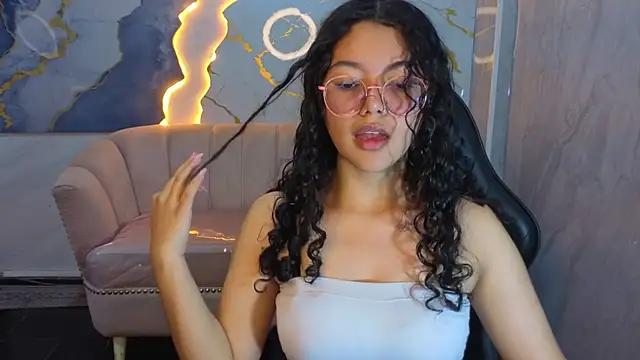 victoria castillo b online show from March 29, 2026, 7:36 pm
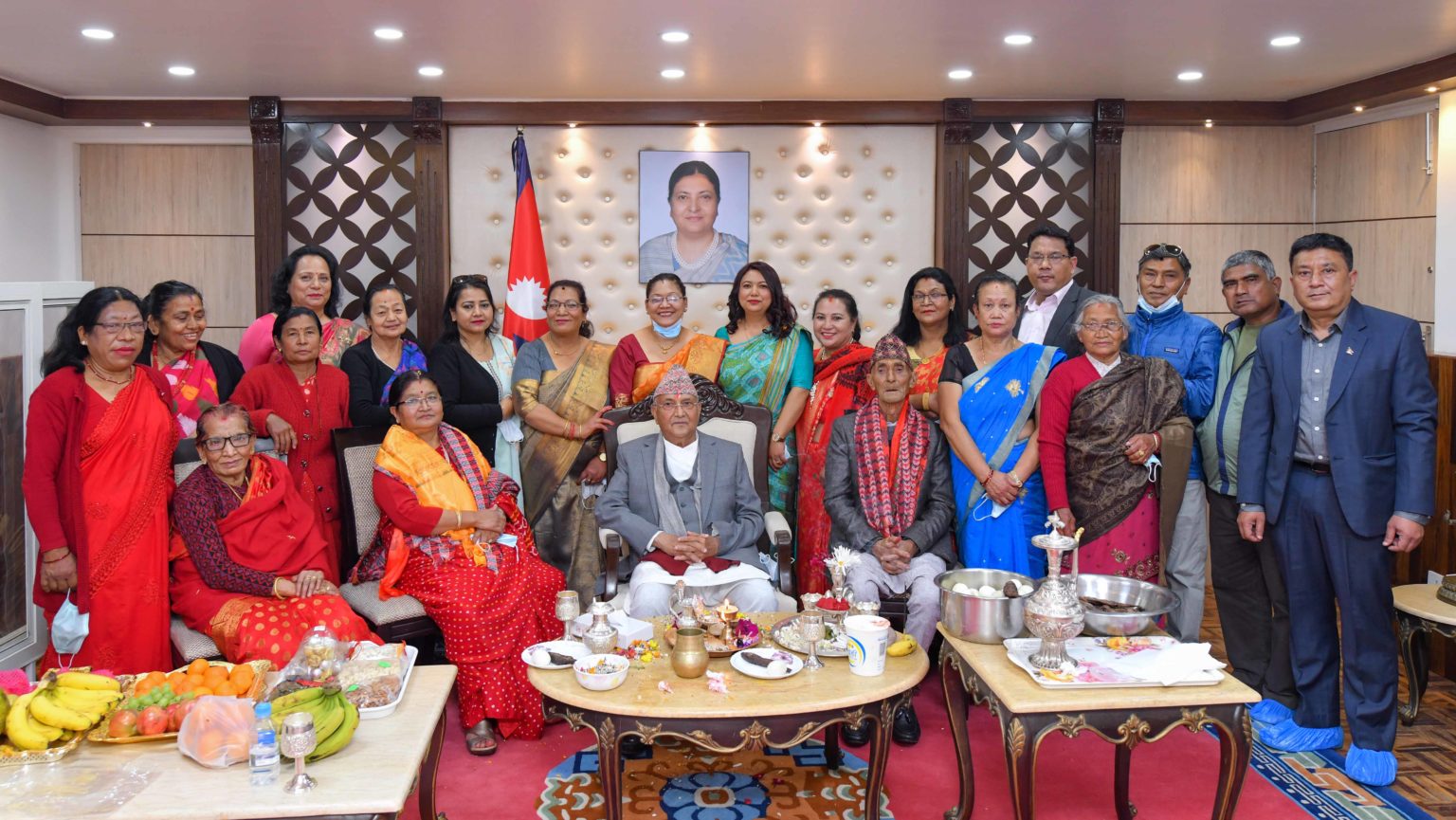 ७०औं जन्मदिनमा प्रधानमन्त्री ओली परिवारसँग मस्त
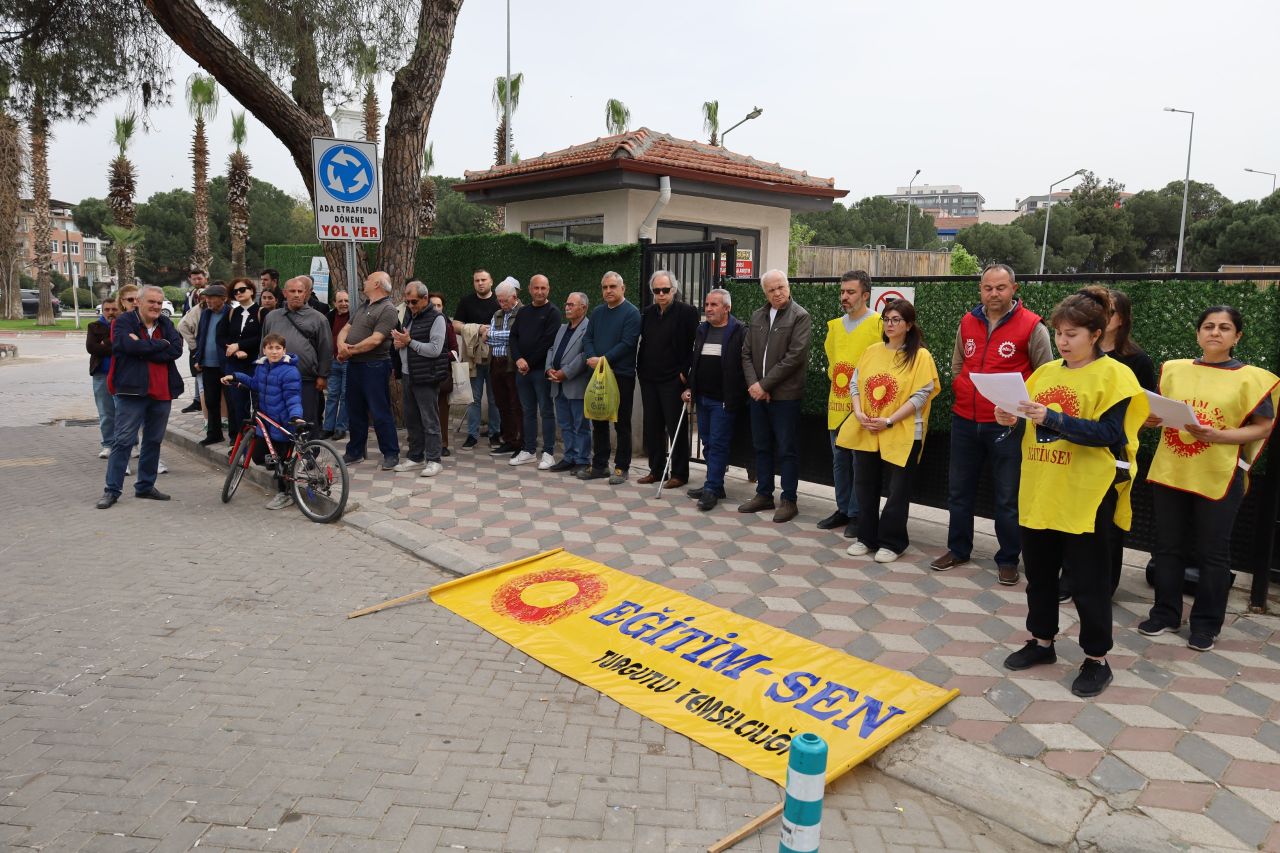 Eğitimde Şiddete Tepki: Turgutlu’da 'İnsan Zinciri' Oluşturuldu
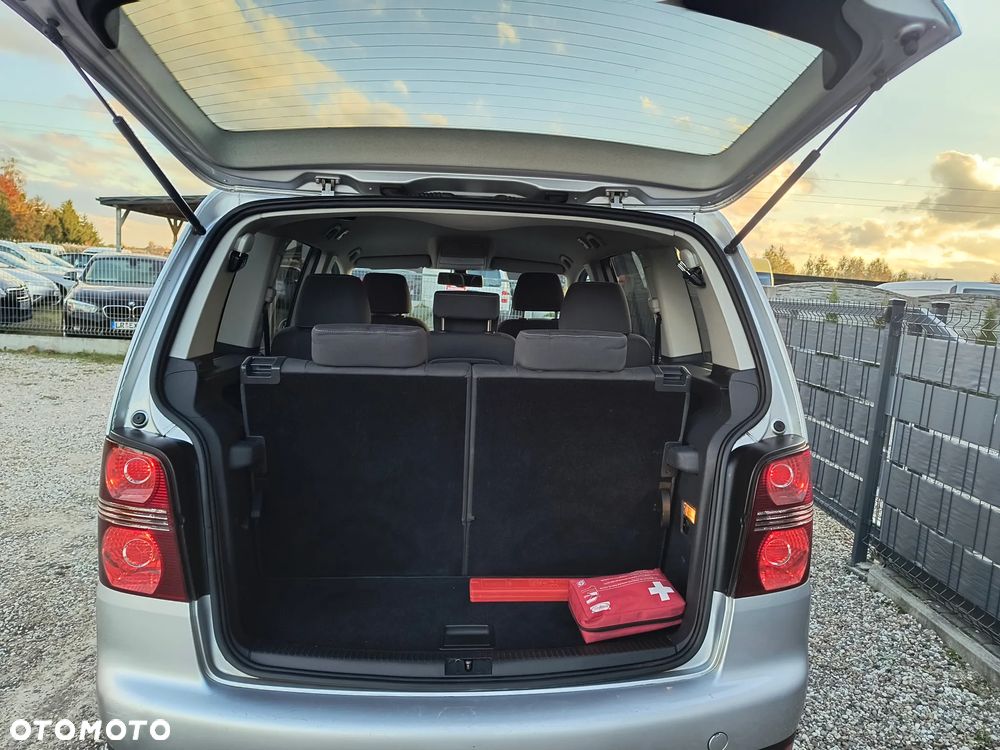 Volkswagen Touran 1.6 United - 15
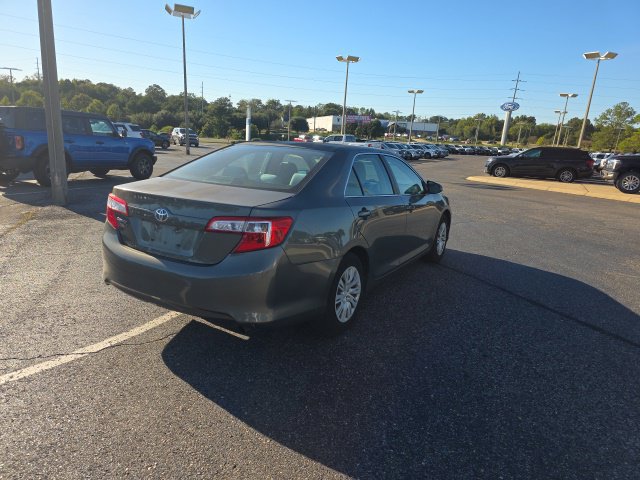 Used 2014 Toyota Camry FWD image 3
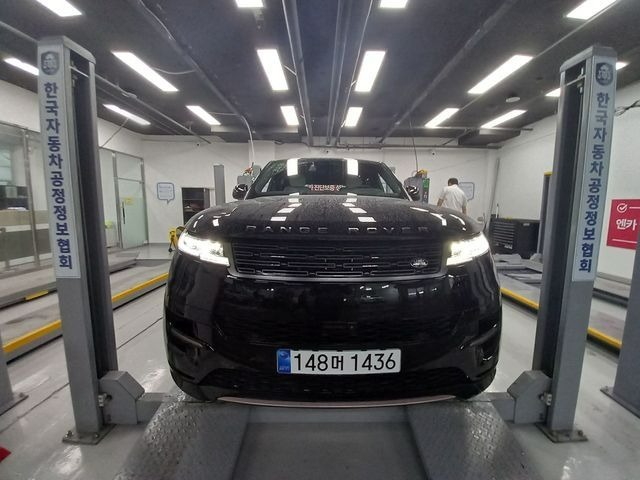 Land Rover Range Rover Sport 2026 — inspection photo 1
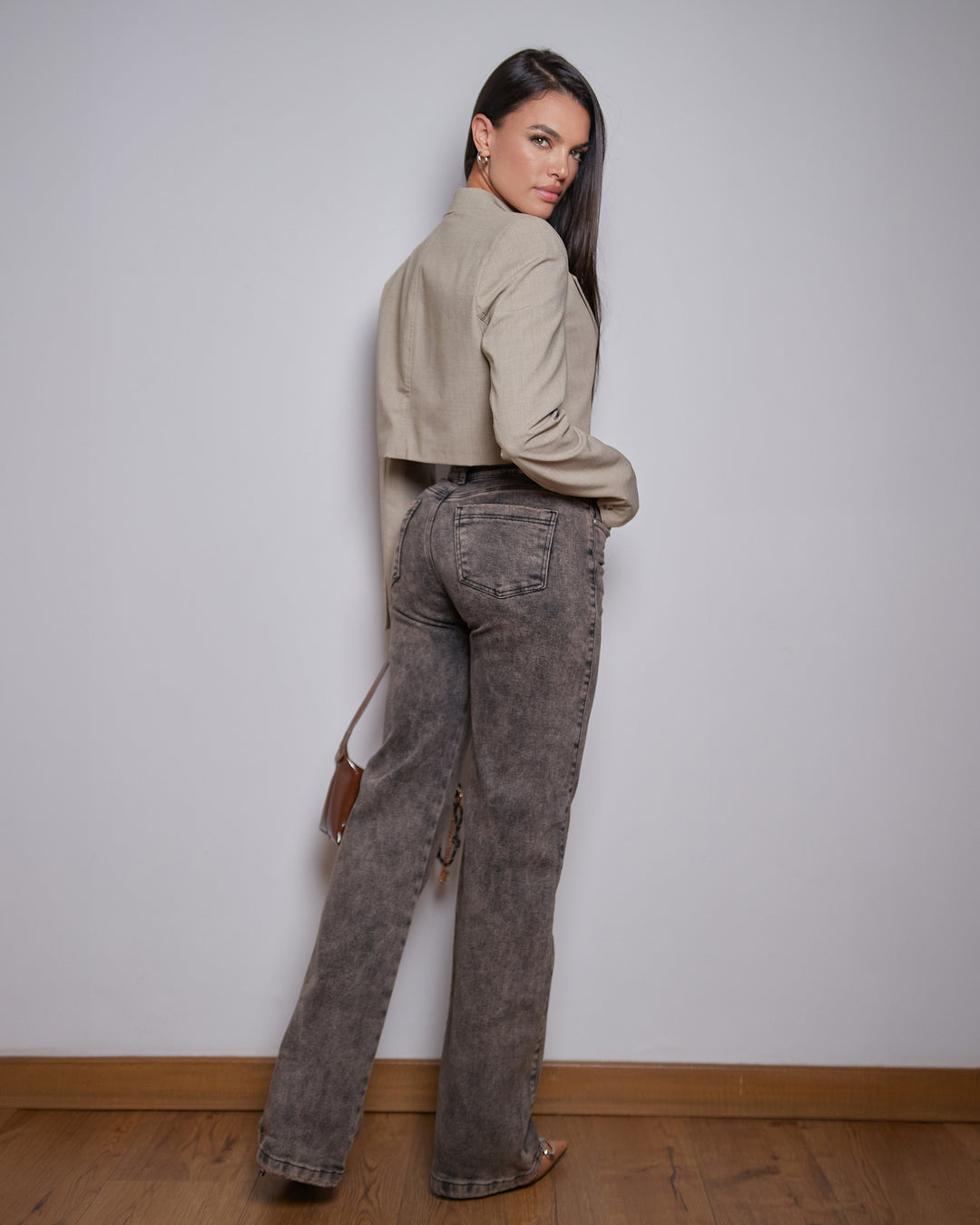 PANTALON DAMA BOTA RECTA TIRO ALTO REF. 18275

EXERCISE GOAL ▸
Will you repeat the material above, but only from the line containing "७०औं जन्मदिनमा प्रधानमन्त्री" through its last line, exactly and without the pictures?

ANSWER FOR THE TASK ▸
 ७०औं जन्मदिनमा प्रधानमन्त्री ओली परिवारसँग मस्त
 Eğitimde Şiddete Tepki: Turgutlu’da 'İnsan Zinciri' Oluşturuldu
 Volkswagen Touran 1.6 United - 15
 Used 2014 Toyota Camry FWD image 3
 Land Rover Range Rover Sport 2026 — inspection photo 1
 PANTALON DAMA BOTA RECTA TIRO ALTO REF. 18275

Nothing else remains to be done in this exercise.